The increasing prominence of bilateral free trade agreements across Asia could lead to a fragmentation of international trade and hinder the participation of the international private sector, leading experts warned on Monday.
The trend also puts into doubt the future significance of the World Trade Organisation on the international stage, they said. Changing international trade regulations will require deep changes at the institutions that have traditionally been at the forefront of those areas.
Bilateral trade agreements have increasingly becoming the norm in Asia, as the slow pace of multilateral agreements under the WTO pushes nations to hammer out their own deals, said Jin Liqun, president of the Asian Infrastructure Investment Bank.
“The fact that [bilateral agreements are increasing] is a reality check for the WTO,” added Pierre Amilhat, director for Asia, Central Asia, the Middle East, Gulf and Pacific for the European Commission’s directorate general for International Cooperation and Development.
“It doesn’t mean either that it should disappear,” he added. “At the end of the day, there are advantages to having a global institution and global rules, if only because globalisation will develop if everybody benefits from it.
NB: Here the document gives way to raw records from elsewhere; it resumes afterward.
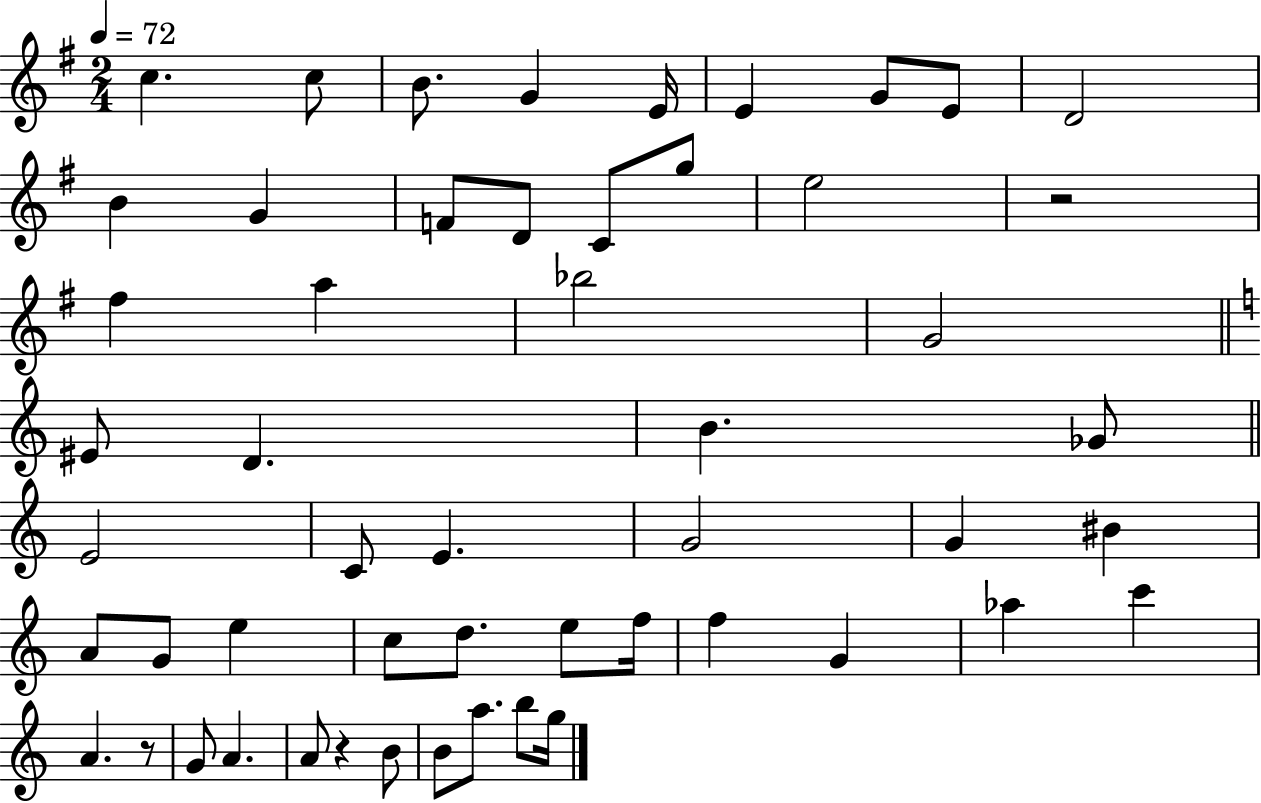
C5/q. C5/e B4/e. G4/q E4/s E4/q G4/e E4/e D4/h B4/q G4/q F4/e D4/e C4/e G5/e E5/h R/h F#5/q A5/q Bb5/h G4/h EIS4/e D4/q. B4/q. Gb4/e E4/h C4/e E4/q. G4/h G4/q BIS4/q A4/e G4/e E5/q C5/e D5/e. E5/e F5/s F5/q G4/q Ab5/q C6/q A4/q. R/e G4/e A4/q. A4/e R/q B4/e B4/e A5/e. B5/e G5/s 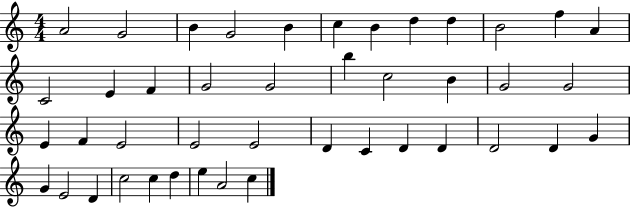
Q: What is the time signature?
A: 4/4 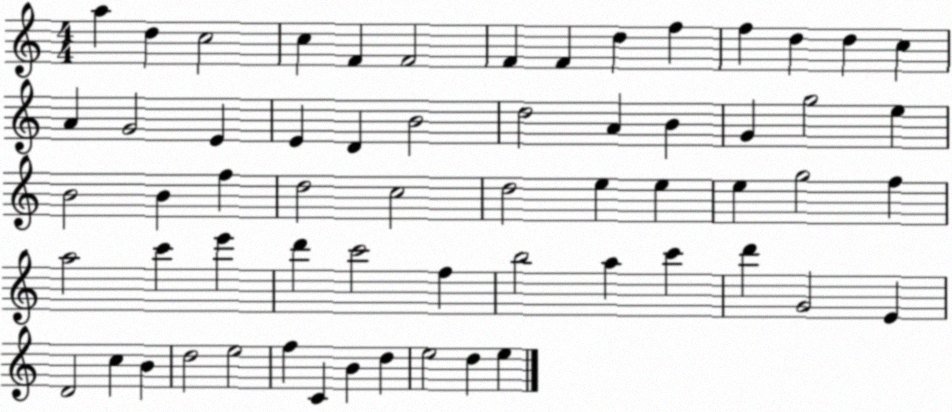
X:1
T:Untitled
M:4/4
L:1/4
K:C
a d c2 c F F2 F F d f f d d c A G2 E E D B2 d2 A B G g2 e B2 B f d2 c2 d2 e e e g2 f a2 c' e' d' c'2 f b2 a c' d' G2 E D2 c B d2 e2 f C B d e2 d e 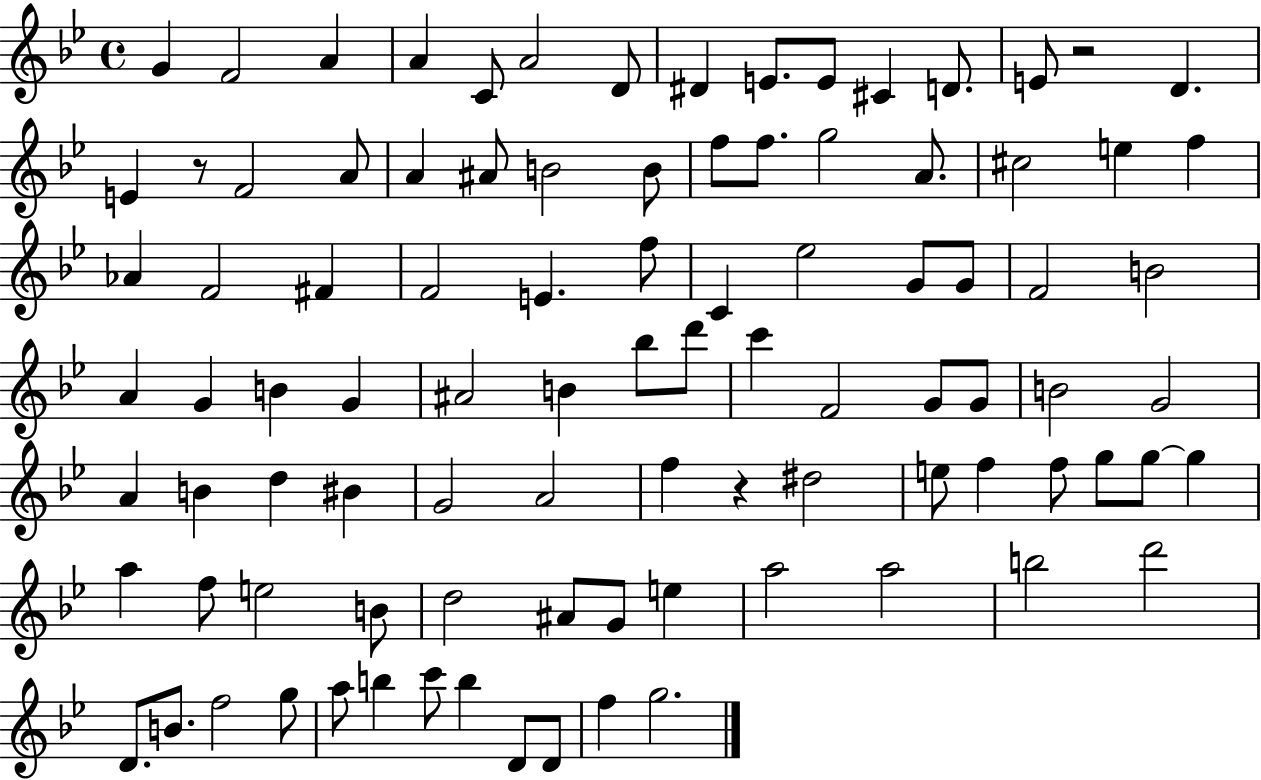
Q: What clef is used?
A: treble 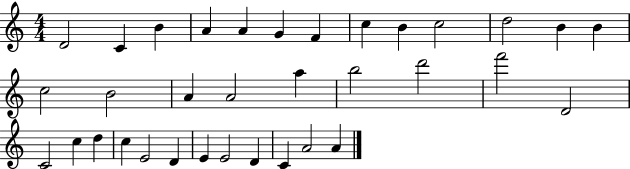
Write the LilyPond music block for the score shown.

{
  \clef treble
  \numericTimeSignature
  \time 4/4
  \key c \major
  d'2 c'4 b'4 | a'4 a'4 g'4 f'4 | c''4 b'4 c''2 | d''2 b'4 b'4 | \break c''2 b'2 | a'4 a'2 a''4 | b''2 d'''2 | f'''2 d'2 | \break c'2 c''4 d''4 | c''4 e'2 d'4 | e'4 e'2 d'4 | c'4 a'2 a'4 | \break \bar "|."
} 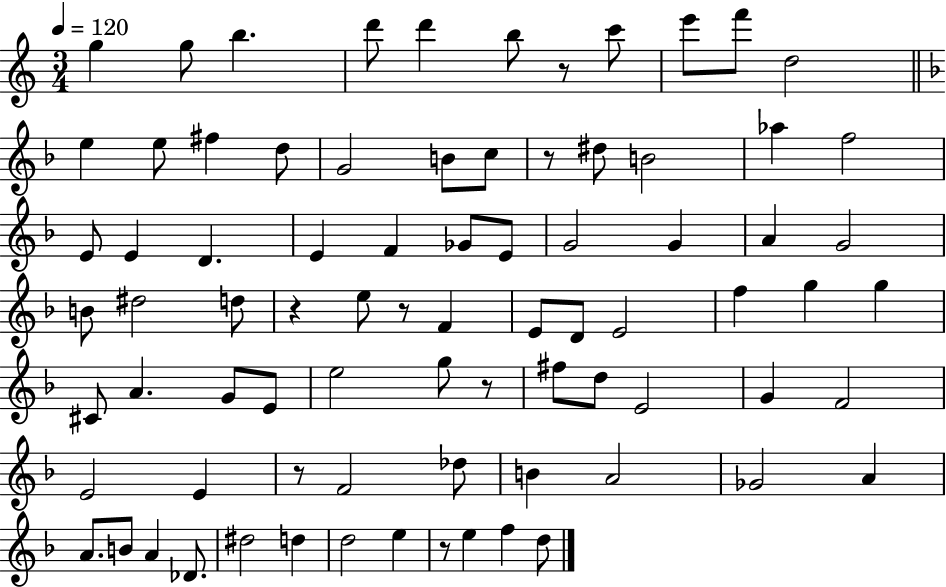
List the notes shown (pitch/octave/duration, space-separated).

G5/q G5/e B5/q. D6/e D6/q B5/e R/e C6/e E6/e F6/e D5/h E5/q E5/e F#5/q D5/e G4/h B4/e C5/e R/e D#5/e B4/h Ab5/q F5/h E4/e E4/q D4/q. E4/q F4/q Gb4/e E4/e G4/h G4/q A4/q G4/h B4/e D#5/h D5/e R/q E5/e R/e F4/q E4/e D4/e E4/h F5/q G5/q G5/q C#4/e A4/q. G4/e E4/e E5/h G5/e R/e F#5/e D5/e E4/h G4/q F4/h E4/h E4/q R/e F4/h Db5/e B4/q A4/h Gb4/h A4/q A4/e. B4/e A4/q Db4/e. D#5/h D5/q D5/h E5/q R/e E5/q F5/q D5/e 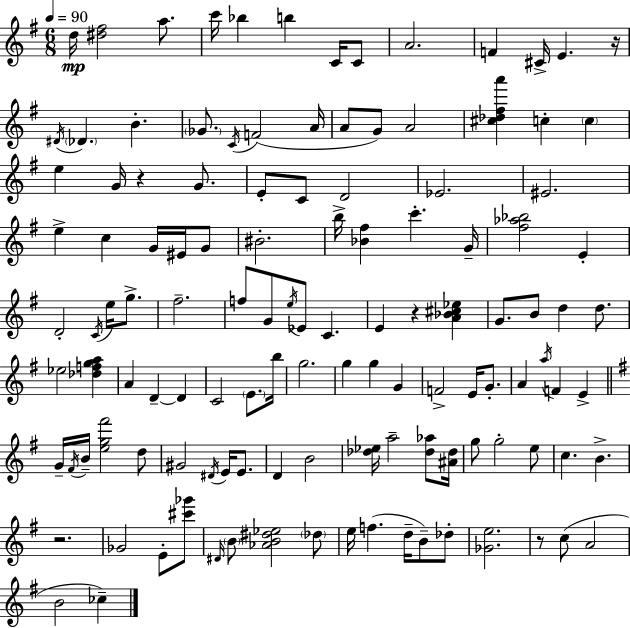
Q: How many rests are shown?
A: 5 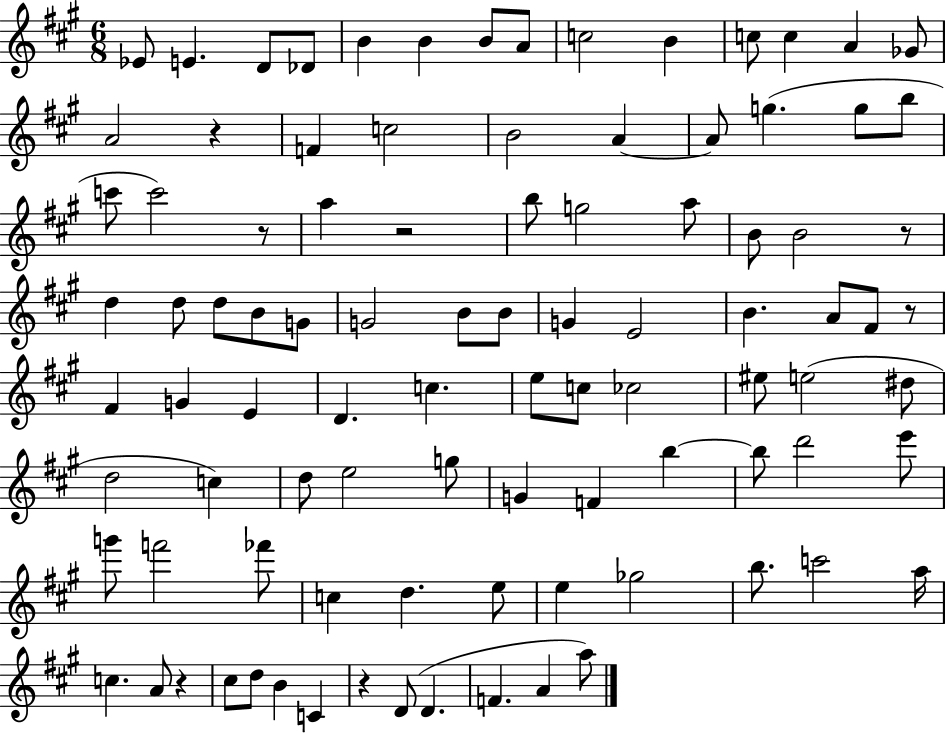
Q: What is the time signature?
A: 6/8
And there are all those countries that can only benefit from in the context of a global institution.”
INFRASTRUCTURE GAP
Stephen Groff, vice president for operations at the ADB, said that such a plethora of different FTAs could have the effect of “dampening” interest from the global private sector in the region.
But Amilhat argued that that multiplicity could — and probably will have to — be addressed at a global level in the future.
“At one point, when the... spaghetti bowl of [free trade agreements] has developed to a certain size, maybe we should, as an international community, ...take stock and see if all this leads to a number of rules worth becoming absolutely global rules,” Amilhat said.
He suggested that the development of another body that picked out “the best” elements of various FTAs for use in a global regulatory framework.
Similarly, multilateral development banks would need to innovate if they were to have any hope of bridging Asia’s enormous infrastructure gap.
The infrastructure funding gap in Asia is so large — some $8tr by 2020 — that the current model of multilateral development banks will not be nearly enough to fill it, meaning new approaches may have to be considered.
Norbert Kloppenburg, board member at KfW Development Bank, emphasised the need to develop local capital markets and the financing of projects in local currencies.